であり、座標ごとに異なるものとして定義される時間\(\small \zeta_{xyzt}\)が本来の時間の性質を表すものであることになる。この場合、運動する量子に適用される時間が伸びたり、縮んだりする結果として二重スリット実験のような現象が現れるという解釈になるだろう。

 また、量子が2つのスリットを同時に通過しているということは不可思議に感じるかもしれないが、量子の本質は確率分布(ノイズ)であり、本来空間的な広がりを持っているものと推測される。検出される際に、その確率分布の中から一点がサンプリングされる形で検出されるために、二重スリット実験のような結果が生じると考えることができる。言い換えれば、粒子や波動という概念は人間が観測できる現象を説明するために便宜的に創り出した”モデル”(仮想的な概念)であり、現実に実在するとは言えない概念であるということである。多くのオカルト的な解釈が生み出される原因の一つとして、このモデルに過ぎない粒子や波動という概念を実在的なものと勘違いしていることが挙げられるだろう。

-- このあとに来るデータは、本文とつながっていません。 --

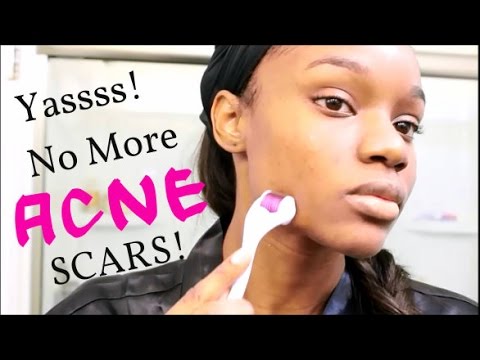 how to banish acne scars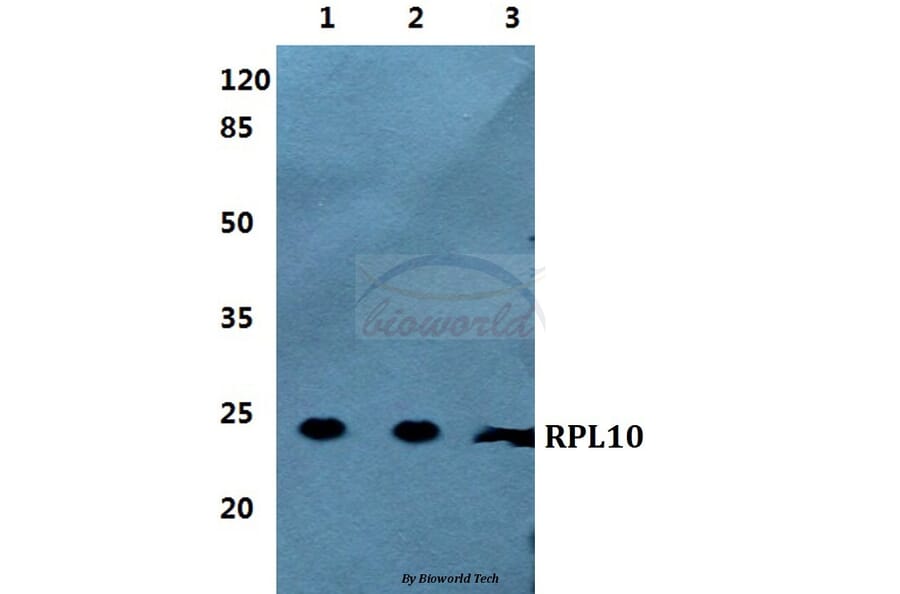 Anti-RPL10 Antibody from Bioworld Technology (BS5873) - Antibodies.com
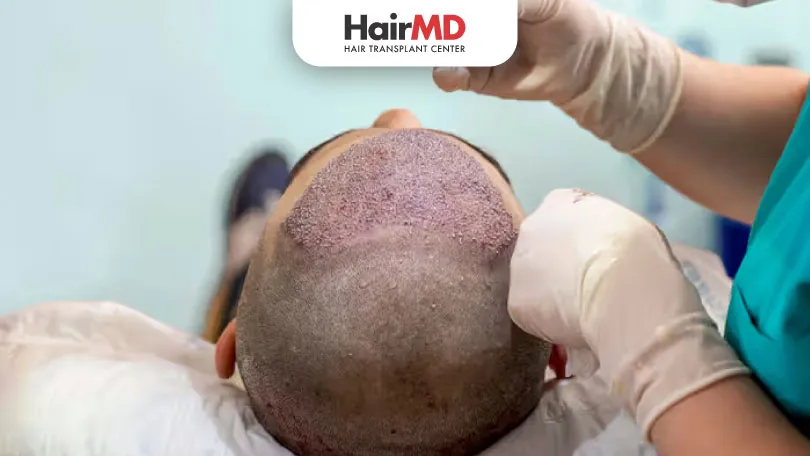 FUE Hair Transplant Without Shaving: Is It Possible?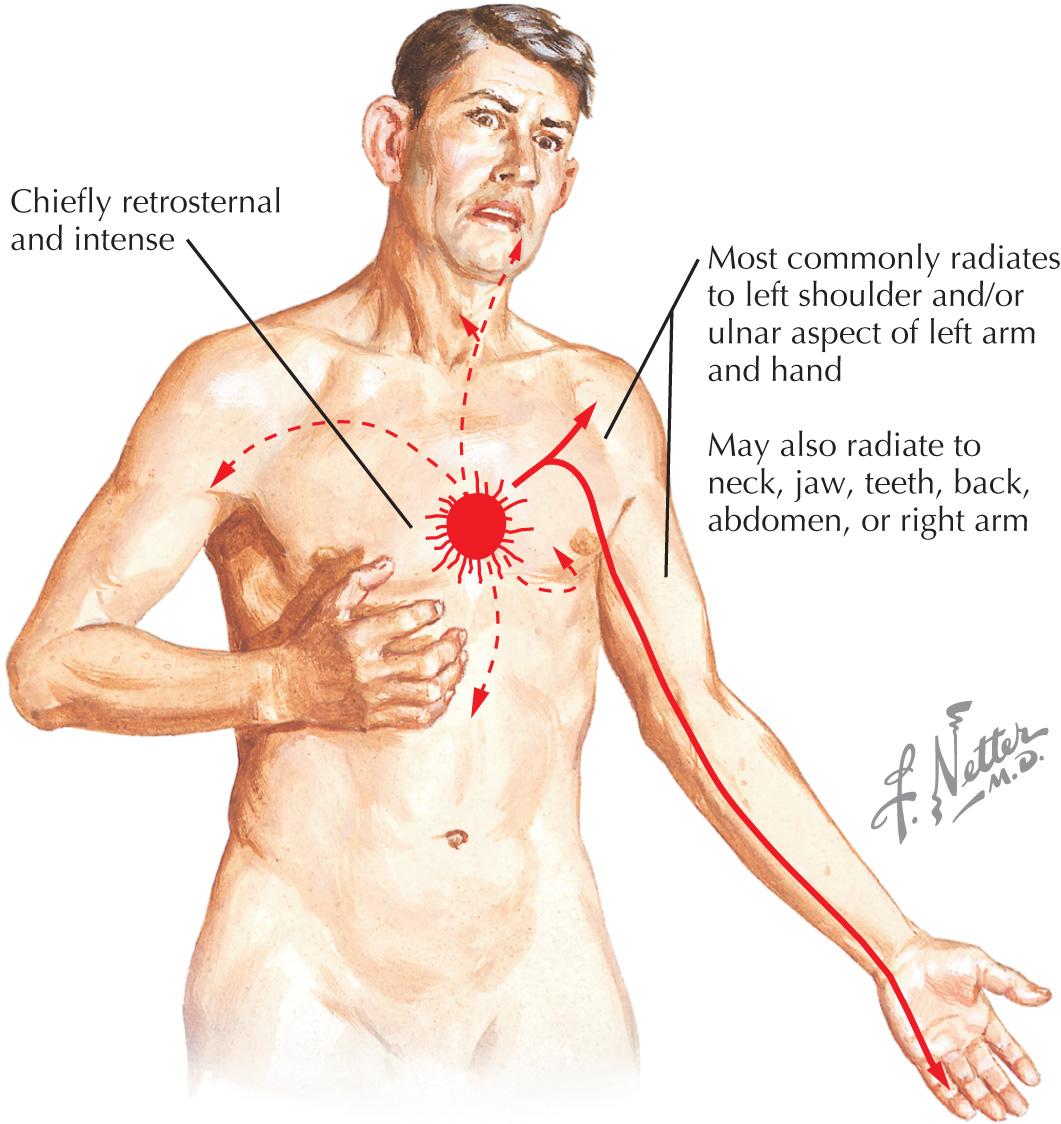 FIG 19.3, Pain of Myocardial Ischemia.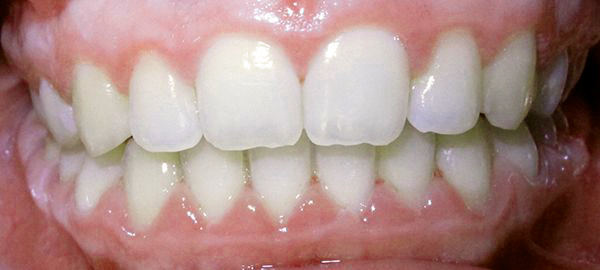 Ortodoncia Adolescentes - Ejemplo 17 - Después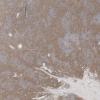 LMP65359-U Thumbnail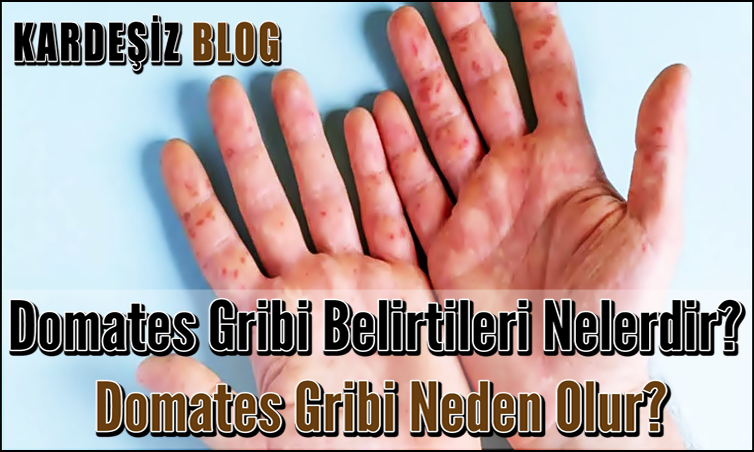 Domates Gribi Belirtileri Nelerdir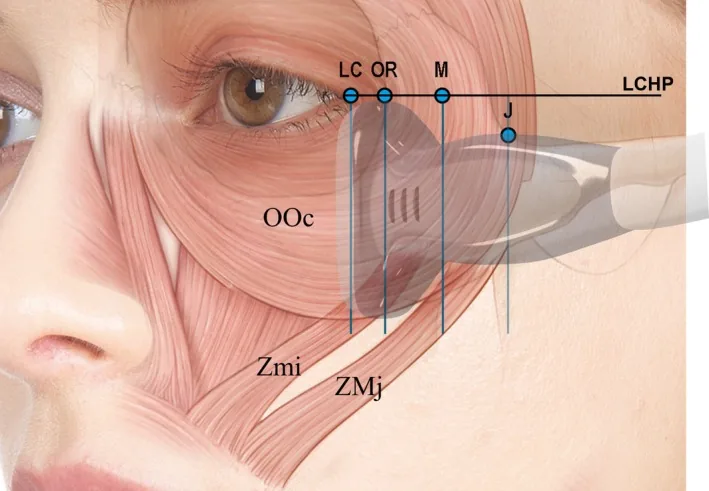 Anatomical illustration of the ring muscle around the eye, over which the skin folds when smiling and forms the wrinkles targeted by eye wrinkle exercises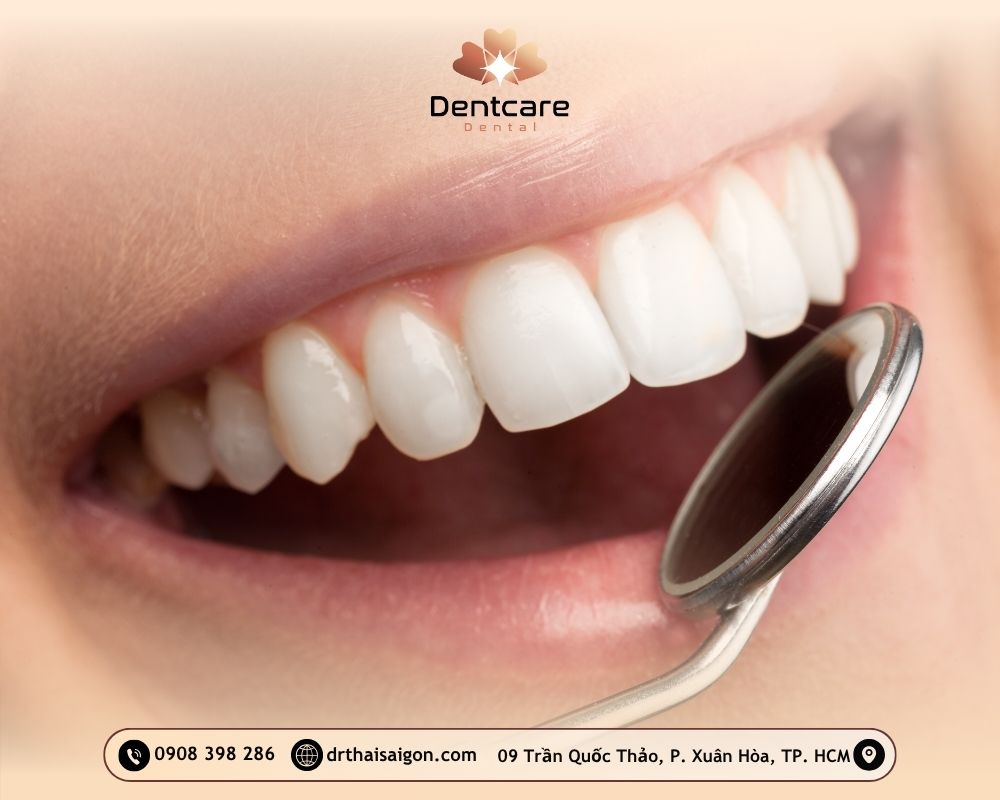 Top 5 dịch vụ thẩm mỹ răng
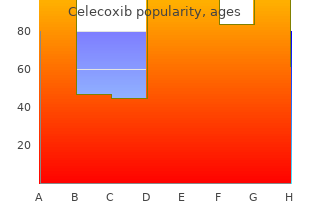 buy celecoxib 200mg low price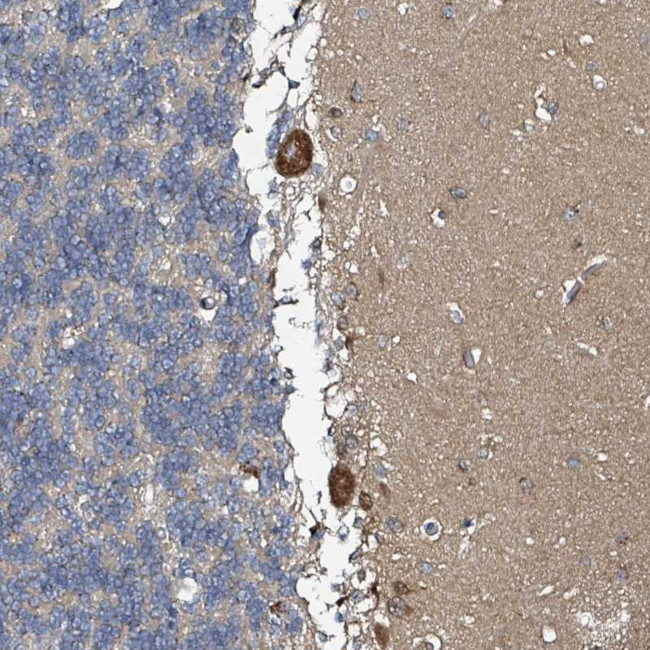 B3GAT3 Antibody in Immunohistochemistry (Paraffin) (IHC (P))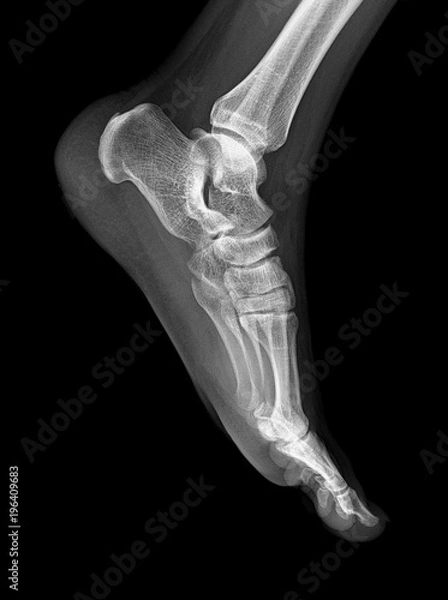 Obraz Deformed feet - pes planus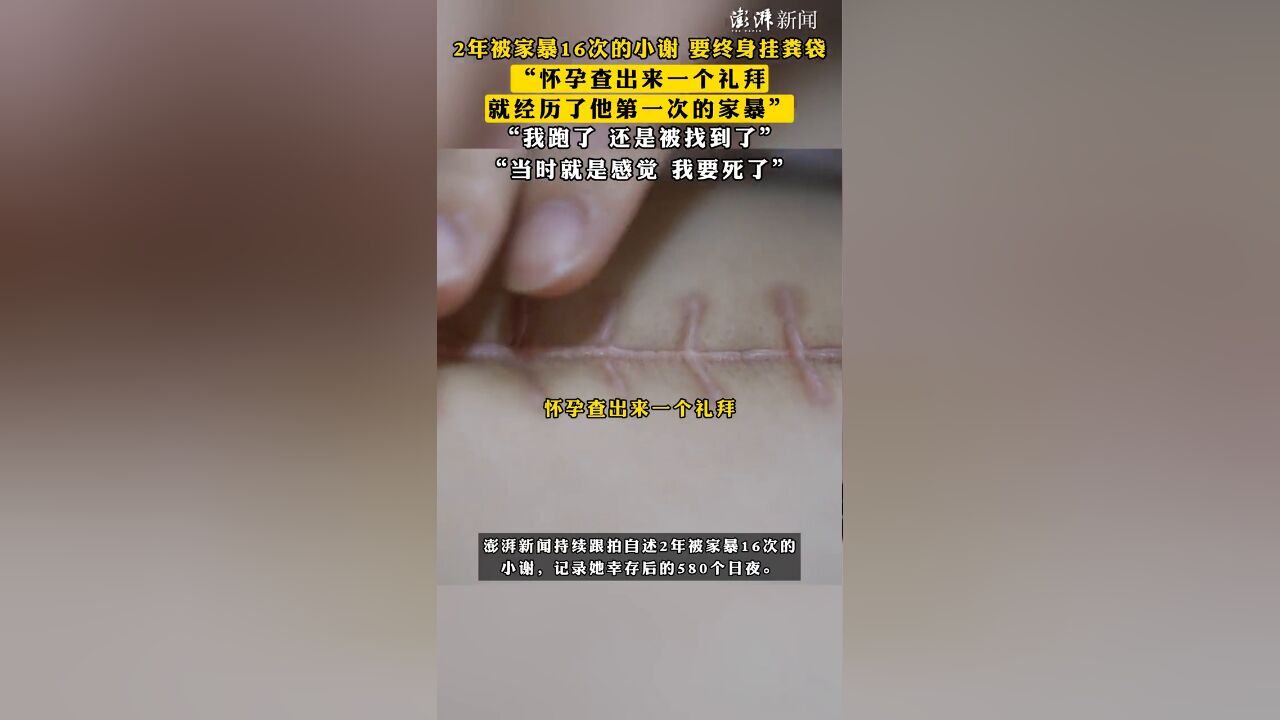 2年被家暴16次的小谢要终身挂粪袋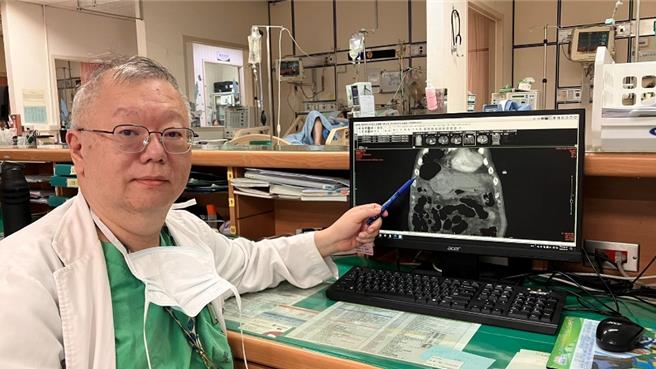 消化外科主任袁天民醫師指出，腹膜炎的髒腹水處並置放空腸餵食造口，讓張伯伯可以改善目前困境。（院方提供／李京昇台中傳真）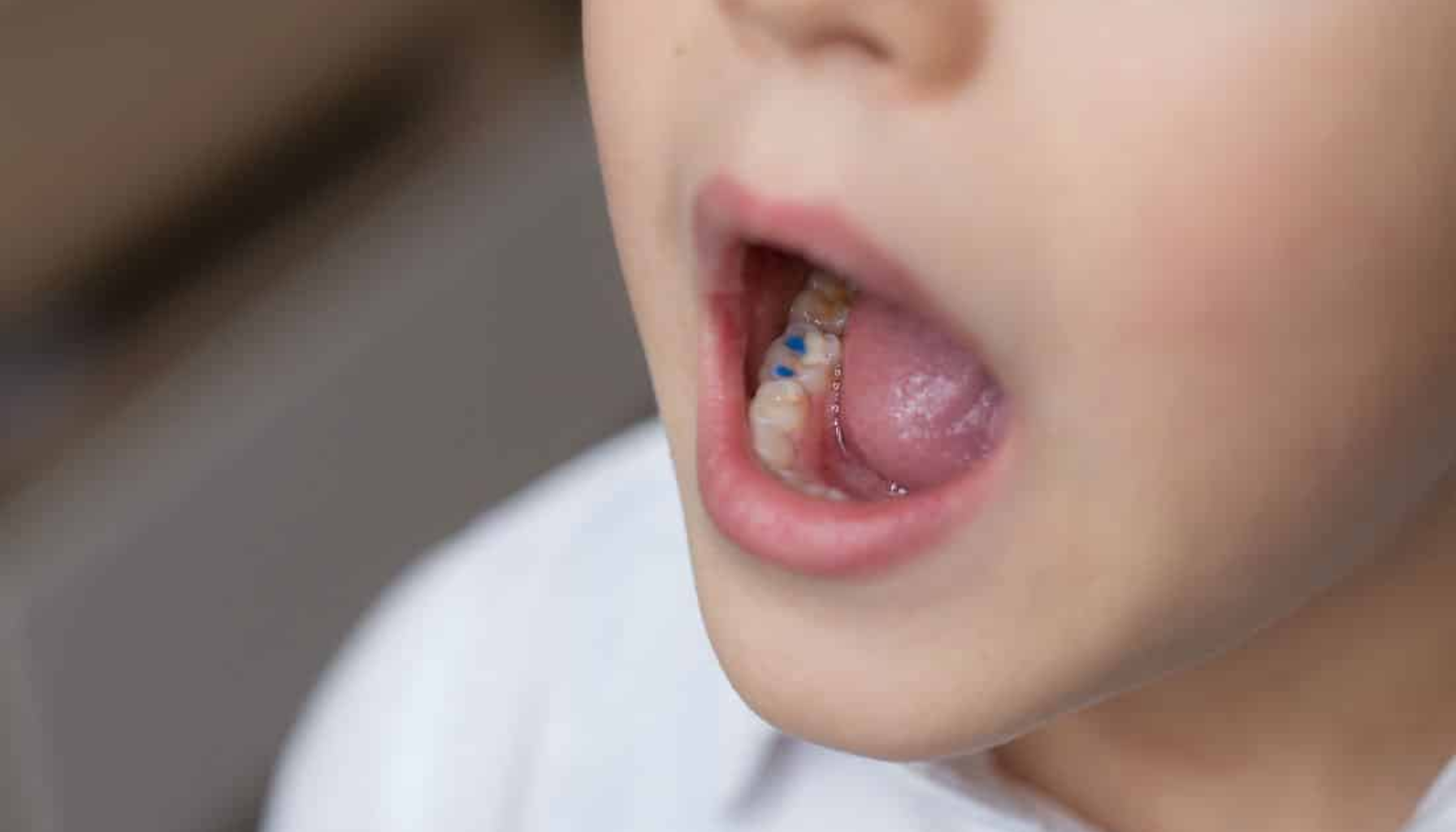 Mistet fylling i tann: Hva gjør du?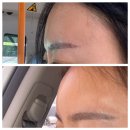 잠실새내역피부과 벨로테로 이마필러 일주일 리얼 후기(붓기, 통증)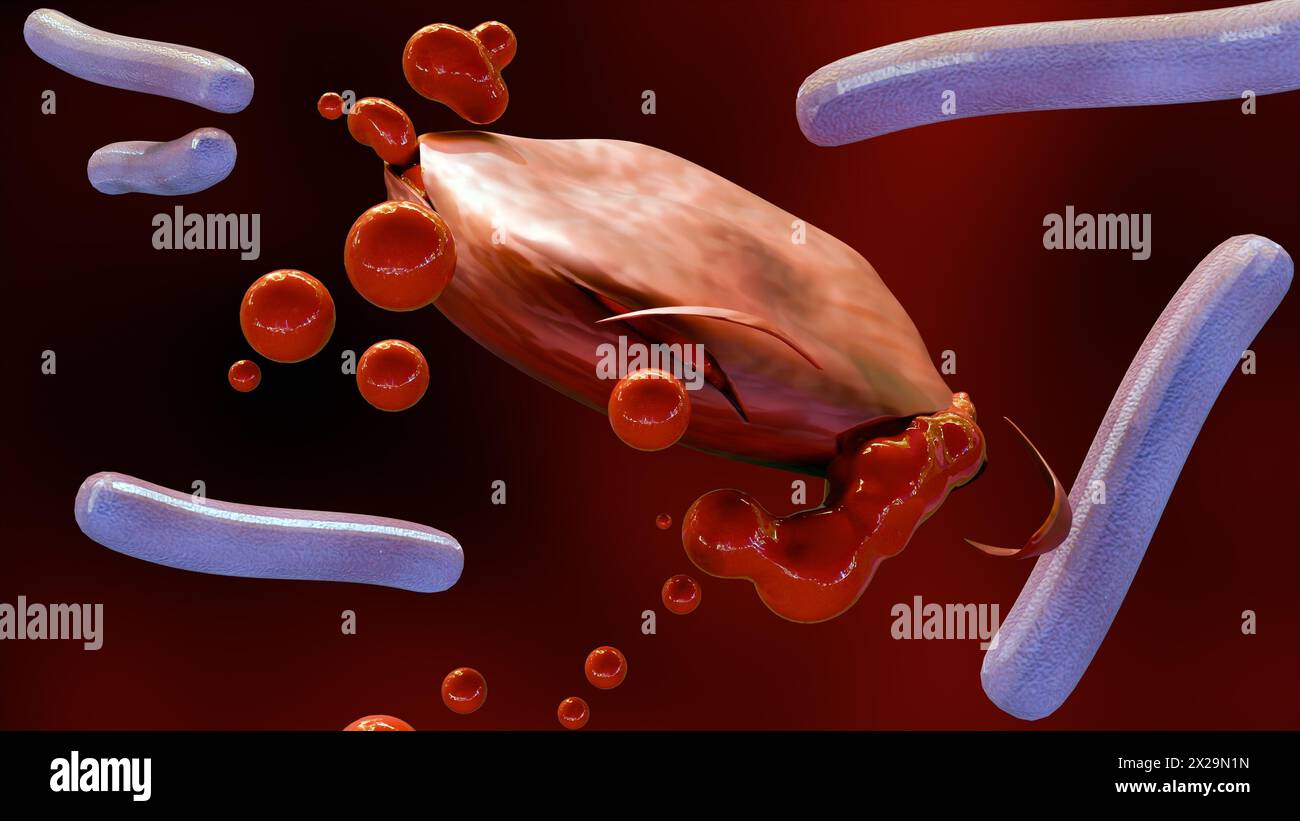 3d rendering of Septicemia, or sepsis, is the clinical name for blood poisoning by Klebsiella spp. bacteria. Stock Photo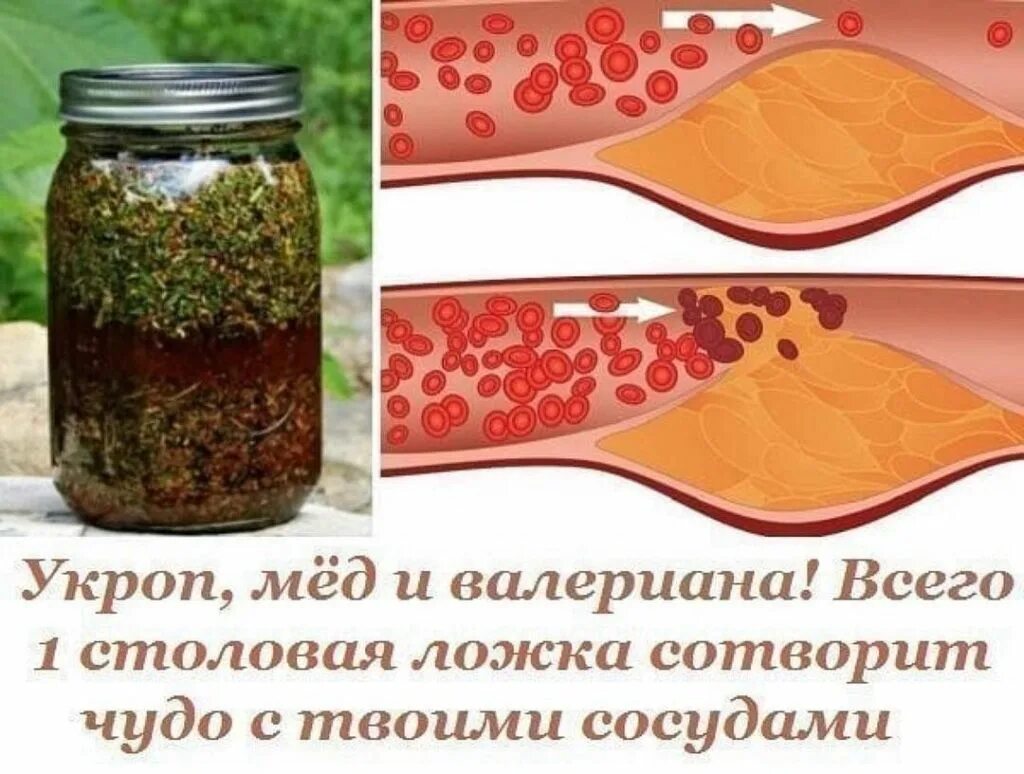 Как почистить сосуды вен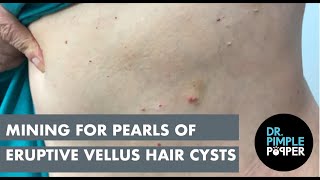 Mining for Pearls of Eruptive Vellus Hair Cysts [upl. by Chainey98]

 以上が筆者が考える二重スリット実験の解釈である。もし筆者の考え方が正しいと仮定すると、二重スリット実験を理論的に理解するには、相対論的な量子力学(場の量子論)や量子電磁気学の理論が必要になる。そもそも学部生レベルの量子力学の知識では不足しており、大学院の博士課程ぐらいの量子力学の知識がないと理解することは不可能であるということになる(それでも不可能かもしれないけど)。学部生レベルの量子力学の知識をこねくり回して正しい結論が得られるなどという甘い期待を持って挑戦しない方がよいかもしれない、ということは指摘しておいてもよいだろう。

参考文献

[1] 朝永振一郎 (1997), 量子力学Ⅰ(第2版), みすず書房

[2] 朝永振一郎 (1997), 量子力学Ⅱ(第2版), みすず書房

[3] 平野要 (2022), 多時間理論による量子力学ー二重スリット実験に関する一考察ー, Amazon Kindle Store(英語訳:Hirano, Kaname (2022), Quantum Mechanics with Multi-Time Theory, Amazon Kindle Store.)

[4] 平野要 (2024), 複素関数とシュレディンガー方程式, Amazon Kindle Store(英語訳:Hirano, Kaname (2024), Complex Functions and Schrödinger Equation, Amazon Kindle Store.)

[5] Tonomura, Akira et al (1989), Demonstration of Single‐electron Buildup of an Interference Pattern. American Journal of Physics, 57, 117-120.